### Data to process:

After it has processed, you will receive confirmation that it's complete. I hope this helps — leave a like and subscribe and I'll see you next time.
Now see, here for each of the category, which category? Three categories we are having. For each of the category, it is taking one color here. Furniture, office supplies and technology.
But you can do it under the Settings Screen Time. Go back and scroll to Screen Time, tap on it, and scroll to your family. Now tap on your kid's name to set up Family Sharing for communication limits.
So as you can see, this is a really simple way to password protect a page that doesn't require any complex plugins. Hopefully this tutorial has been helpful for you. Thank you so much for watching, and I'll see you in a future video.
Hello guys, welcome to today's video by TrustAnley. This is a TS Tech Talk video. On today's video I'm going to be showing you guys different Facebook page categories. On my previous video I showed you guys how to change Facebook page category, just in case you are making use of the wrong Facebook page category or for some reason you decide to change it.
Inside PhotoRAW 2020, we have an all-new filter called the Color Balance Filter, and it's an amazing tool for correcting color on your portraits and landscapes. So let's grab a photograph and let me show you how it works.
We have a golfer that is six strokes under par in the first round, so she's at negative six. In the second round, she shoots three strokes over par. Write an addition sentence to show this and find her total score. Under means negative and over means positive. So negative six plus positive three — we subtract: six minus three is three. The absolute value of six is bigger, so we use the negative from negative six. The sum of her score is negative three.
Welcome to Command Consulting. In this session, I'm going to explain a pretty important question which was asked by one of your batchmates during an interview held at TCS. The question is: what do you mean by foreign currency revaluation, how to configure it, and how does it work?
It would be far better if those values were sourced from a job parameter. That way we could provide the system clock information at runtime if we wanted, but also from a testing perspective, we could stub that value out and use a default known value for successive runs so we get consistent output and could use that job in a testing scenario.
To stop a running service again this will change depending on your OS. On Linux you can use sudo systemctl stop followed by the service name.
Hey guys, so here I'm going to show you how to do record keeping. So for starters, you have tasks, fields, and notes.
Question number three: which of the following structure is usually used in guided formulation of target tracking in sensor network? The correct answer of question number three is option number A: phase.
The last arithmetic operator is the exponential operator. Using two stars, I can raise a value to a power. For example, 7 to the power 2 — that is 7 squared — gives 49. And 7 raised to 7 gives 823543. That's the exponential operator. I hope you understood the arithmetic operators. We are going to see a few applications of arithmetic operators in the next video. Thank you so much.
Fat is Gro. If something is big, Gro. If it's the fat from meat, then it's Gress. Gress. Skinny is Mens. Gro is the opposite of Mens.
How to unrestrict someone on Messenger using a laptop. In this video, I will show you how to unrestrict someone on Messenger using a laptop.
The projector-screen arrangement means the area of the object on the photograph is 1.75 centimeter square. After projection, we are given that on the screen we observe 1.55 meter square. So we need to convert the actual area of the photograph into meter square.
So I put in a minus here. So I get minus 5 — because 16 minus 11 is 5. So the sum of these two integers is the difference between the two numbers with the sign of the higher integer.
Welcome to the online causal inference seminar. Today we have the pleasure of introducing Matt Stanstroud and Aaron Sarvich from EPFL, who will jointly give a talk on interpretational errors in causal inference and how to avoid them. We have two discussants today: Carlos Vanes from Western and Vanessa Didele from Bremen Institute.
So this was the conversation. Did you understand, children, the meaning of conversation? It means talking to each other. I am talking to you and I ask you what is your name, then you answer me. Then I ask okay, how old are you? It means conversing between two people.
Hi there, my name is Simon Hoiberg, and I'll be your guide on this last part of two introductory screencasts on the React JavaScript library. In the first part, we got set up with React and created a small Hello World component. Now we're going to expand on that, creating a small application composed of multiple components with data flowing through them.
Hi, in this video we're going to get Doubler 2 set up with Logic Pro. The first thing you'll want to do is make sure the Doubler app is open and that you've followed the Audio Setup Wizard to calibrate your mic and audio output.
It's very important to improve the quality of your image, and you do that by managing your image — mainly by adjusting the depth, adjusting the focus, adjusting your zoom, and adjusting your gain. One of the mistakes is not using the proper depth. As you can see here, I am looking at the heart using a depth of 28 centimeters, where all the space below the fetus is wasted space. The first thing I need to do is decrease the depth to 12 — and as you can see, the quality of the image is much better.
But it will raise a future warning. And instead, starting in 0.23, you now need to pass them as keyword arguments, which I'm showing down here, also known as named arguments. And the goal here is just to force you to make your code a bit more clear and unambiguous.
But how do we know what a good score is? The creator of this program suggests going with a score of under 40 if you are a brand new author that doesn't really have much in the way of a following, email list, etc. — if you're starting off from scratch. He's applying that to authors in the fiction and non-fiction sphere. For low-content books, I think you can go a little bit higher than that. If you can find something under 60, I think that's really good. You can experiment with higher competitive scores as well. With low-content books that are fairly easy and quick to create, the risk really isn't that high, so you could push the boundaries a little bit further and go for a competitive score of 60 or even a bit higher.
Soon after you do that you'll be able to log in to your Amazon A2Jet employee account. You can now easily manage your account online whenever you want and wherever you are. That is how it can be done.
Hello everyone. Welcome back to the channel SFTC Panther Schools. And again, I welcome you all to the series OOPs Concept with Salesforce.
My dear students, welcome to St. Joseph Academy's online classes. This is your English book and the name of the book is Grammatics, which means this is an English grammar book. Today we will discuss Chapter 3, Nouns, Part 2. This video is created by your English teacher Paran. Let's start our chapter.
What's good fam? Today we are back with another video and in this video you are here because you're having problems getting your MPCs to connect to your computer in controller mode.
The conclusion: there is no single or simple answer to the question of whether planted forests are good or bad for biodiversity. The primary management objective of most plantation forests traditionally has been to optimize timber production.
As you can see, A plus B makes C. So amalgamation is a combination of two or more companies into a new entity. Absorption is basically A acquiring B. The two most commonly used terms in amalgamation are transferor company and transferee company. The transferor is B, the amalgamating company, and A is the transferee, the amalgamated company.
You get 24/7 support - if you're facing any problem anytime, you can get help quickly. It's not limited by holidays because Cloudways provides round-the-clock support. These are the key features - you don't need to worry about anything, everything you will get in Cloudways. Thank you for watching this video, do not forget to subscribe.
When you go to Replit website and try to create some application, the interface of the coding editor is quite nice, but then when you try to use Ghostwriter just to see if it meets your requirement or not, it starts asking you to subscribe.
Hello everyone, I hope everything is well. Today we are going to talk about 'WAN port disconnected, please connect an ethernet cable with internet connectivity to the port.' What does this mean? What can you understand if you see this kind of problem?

### What is being asked:
Return exactly, and only, the lines above starting at the line that contains "How to unrestrict someone on Messenger using a laptop. In" and ending at the line that contains "Hi, in this".

### Task result:
How to unrestrict someone on Messenger using a laptop. In this video, I will show you how to unrestrict someone on Messenger using a laptop.
The projector-screen arrangement means the area of the object on the photograph is 1.75 centimeter square. After projection, we are given that on the screen we observe 1.55 meter square. So we need to convert the actual area of the photograph into meter square.
So I put in a minus here. So I get minus 5 — because 16 minus 11 is 5. So the sum of these two integers is the difference between the two numbers with the sign of the higher integer.
Welcome to the online causal inference seminar. Today we have the pleasure of introducing Matt Stanstroud and Aaron Sarvich from EPFL, who will jointly give a talk on interpretational errors in causal inference and how to avoid them. We have two discussants today: Carlos Vanes from Western and Vanessa Didele from Bremen Institute.
So this was the conversation. Did you understand, children, the meaning of conversation? It means talking to each other. I am talking to you and I ask you what is your name, then you answer me. Then I ask okay, how old are you? It means conversing between two people.
Hi there, my name is Simon Hoiberg, and I'll be your guide on this last part of two introductory screencasts on the React JavaScript library. In the first part, we got set up with React and created a small Hello World component. Now we're going to expand on that, creating a small application composed of multiple components with data flowing through them.
Hi, in this video we're going to get Doubler 2 set up with Logic Pro. The first thing you'll want to do is make sure the Doubler app is open and that you've followed the Audio Setup Wizard to calibrate your mic and audio output.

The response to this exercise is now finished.